Brief:
Your task is to copy each line of the material that includes "wheel".

Information provided:
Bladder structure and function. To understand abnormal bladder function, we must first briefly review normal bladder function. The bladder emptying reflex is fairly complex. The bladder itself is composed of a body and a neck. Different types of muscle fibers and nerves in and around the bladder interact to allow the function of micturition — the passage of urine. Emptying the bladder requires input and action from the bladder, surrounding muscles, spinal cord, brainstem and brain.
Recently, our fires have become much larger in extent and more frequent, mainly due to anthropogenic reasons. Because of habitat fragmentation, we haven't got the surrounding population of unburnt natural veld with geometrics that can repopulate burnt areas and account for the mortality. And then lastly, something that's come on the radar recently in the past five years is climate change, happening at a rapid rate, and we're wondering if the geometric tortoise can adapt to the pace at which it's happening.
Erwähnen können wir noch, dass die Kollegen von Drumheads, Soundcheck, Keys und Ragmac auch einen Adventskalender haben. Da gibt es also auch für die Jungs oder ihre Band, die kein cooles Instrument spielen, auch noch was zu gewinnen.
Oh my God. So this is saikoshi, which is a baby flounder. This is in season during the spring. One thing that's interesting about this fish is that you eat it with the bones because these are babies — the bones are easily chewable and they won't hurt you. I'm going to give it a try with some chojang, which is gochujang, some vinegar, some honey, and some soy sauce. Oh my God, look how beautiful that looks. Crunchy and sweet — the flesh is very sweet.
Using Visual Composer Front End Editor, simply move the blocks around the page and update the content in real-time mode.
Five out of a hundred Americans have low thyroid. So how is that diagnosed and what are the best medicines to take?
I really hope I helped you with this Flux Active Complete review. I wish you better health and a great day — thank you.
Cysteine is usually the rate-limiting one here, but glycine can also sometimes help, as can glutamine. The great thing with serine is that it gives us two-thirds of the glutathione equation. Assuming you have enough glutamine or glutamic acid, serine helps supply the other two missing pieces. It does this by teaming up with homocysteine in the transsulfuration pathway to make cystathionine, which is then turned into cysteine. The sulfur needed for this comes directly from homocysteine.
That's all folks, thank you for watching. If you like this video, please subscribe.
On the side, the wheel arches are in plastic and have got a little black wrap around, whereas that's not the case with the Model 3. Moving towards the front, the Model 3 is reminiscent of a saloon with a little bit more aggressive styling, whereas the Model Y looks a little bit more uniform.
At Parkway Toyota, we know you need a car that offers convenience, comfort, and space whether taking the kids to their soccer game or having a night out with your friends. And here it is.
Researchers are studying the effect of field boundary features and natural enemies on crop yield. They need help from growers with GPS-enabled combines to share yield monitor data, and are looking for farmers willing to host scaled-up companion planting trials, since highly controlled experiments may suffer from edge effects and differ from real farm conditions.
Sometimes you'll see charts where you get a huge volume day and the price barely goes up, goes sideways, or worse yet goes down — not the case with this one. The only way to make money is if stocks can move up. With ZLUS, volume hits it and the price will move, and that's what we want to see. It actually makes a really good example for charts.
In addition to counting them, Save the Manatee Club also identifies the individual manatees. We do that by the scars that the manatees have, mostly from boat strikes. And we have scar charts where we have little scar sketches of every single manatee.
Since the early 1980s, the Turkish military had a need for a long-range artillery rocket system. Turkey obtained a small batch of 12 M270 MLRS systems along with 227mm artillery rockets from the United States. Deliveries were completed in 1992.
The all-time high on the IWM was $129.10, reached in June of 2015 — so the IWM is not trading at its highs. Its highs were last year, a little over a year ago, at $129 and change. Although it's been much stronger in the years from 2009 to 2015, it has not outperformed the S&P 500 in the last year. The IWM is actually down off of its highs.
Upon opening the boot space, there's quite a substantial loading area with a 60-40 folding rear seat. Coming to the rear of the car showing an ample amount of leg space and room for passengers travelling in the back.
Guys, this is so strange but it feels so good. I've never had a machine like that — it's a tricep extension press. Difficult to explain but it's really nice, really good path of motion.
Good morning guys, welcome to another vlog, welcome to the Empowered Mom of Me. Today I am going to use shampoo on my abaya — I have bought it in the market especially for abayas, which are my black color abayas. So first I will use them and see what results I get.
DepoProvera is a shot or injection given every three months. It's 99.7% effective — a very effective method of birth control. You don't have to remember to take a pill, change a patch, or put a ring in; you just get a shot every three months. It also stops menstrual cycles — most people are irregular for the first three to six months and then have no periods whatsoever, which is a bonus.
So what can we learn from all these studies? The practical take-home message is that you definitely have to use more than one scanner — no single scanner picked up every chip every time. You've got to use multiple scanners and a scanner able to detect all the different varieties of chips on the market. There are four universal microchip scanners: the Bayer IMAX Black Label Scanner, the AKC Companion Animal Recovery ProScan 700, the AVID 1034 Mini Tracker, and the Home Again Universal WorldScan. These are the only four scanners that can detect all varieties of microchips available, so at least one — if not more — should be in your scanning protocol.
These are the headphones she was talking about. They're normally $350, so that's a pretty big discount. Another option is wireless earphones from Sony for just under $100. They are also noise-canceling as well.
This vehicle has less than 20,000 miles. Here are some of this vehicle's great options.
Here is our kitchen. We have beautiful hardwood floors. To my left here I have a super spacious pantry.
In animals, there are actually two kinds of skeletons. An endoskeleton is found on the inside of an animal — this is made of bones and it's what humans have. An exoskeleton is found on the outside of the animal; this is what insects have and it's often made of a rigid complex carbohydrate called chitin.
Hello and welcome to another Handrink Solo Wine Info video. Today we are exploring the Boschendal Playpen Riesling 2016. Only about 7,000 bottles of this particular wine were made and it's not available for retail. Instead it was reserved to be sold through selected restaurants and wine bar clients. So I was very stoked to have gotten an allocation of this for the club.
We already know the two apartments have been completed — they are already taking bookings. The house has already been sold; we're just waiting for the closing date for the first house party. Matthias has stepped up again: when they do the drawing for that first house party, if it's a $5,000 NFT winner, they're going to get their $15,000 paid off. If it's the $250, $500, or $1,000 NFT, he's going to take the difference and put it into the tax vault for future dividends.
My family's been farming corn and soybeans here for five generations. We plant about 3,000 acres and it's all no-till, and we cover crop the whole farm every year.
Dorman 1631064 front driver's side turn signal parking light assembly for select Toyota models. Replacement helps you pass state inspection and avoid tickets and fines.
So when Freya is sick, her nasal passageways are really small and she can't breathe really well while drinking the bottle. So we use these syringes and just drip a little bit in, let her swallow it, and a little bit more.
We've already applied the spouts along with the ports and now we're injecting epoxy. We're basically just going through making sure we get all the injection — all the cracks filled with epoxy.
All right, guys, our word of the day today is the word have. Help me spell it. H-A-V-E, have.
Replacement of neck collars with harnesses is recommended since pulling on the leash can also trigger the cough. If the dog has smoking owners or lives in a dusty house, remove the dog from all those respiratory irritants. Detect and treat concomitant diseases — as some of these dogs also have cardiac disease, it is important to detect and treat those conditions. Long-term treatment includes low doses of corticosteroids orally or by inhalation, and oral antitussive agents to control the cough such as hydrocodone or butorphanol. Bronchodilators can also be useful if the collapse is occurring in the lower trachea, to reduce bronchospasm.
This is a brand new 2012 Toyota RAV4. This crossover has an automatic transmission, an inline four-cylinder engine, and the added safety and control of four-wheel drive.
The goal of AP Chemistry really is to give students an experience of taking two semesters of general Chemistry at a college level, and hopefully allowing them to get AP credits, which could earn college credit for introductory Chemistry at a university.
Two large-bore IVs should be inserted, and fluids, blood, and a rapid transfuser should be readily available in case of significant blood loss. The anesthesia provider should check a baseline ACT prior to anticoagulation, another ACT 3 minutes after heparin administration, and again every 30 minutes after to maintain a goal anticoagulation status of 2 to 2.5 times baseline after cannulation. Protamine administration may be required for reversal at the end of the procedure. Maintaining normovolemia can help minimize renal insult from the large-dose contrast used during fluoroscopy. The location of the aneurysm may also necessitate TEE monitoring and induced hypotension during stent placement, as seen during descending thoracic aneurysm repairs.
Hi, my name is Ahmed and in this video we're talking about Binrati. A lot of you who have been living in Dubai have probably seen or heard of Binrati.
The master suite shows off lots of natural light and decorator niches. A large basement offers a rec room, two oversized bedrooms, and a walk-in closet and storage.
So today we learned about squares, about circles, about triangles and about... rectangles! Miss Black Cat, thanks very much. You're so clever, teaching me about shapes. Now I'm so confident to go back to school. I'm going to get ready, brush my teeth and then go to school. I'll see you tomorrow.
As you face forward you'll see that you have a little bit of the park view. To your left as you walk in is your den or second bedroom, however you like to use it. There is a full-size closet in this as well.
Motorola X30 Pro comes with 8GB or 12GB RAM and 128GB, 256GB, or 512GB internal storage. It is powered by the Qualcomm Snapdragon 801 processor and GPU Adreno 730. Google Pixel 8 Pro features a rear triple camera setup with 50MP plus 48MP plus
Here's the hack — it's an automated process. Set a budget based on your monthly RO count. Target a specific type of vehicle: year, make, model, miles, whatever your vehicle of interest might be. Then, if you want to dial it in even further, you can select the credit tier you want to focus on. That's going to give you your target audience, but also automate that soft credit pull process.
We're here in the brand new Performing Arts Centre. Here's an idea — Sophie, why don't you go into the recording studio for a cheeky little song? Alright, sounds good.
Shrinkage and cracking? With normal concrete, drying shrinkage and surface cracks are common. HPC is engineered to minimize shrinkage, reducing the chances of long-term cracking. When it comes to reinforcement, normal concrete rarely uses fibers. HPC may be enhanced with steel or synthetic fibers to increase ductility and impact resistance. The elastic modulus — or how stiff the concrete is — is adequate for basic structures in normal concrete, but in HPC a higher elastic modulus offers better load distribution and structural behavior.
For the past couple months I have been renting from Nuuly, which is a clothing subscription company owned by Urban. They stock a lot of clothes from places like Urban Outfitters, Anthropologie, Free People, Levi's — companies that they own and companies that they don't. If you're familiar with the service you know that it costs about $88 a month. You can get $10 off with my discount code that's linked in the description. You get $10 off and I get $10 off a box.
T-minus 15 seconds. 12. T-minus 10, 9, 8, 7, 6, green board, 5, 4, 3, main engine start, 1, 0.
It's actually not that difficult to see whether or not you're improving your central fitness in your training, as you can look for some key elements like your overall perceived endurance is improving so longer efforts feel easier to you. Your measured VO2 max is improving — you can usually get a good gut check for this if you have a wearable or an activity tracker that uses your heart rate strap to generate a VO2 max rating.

Response area:
On the side, the wheel arches are in plastic and have got a little black wrap around, whereas that's not the case with the Model 3. Moving towards the front, the Model 3 is reminiscent of a saloon with a little bit more aggressive styling, whereas the Model Y looks a little bit more uniform.
This is a brand new 2012 Toyota RAV4. This crossover has an automatic transmission, an inline four-cylinder engine, and the added safety and control of four-wheel drive.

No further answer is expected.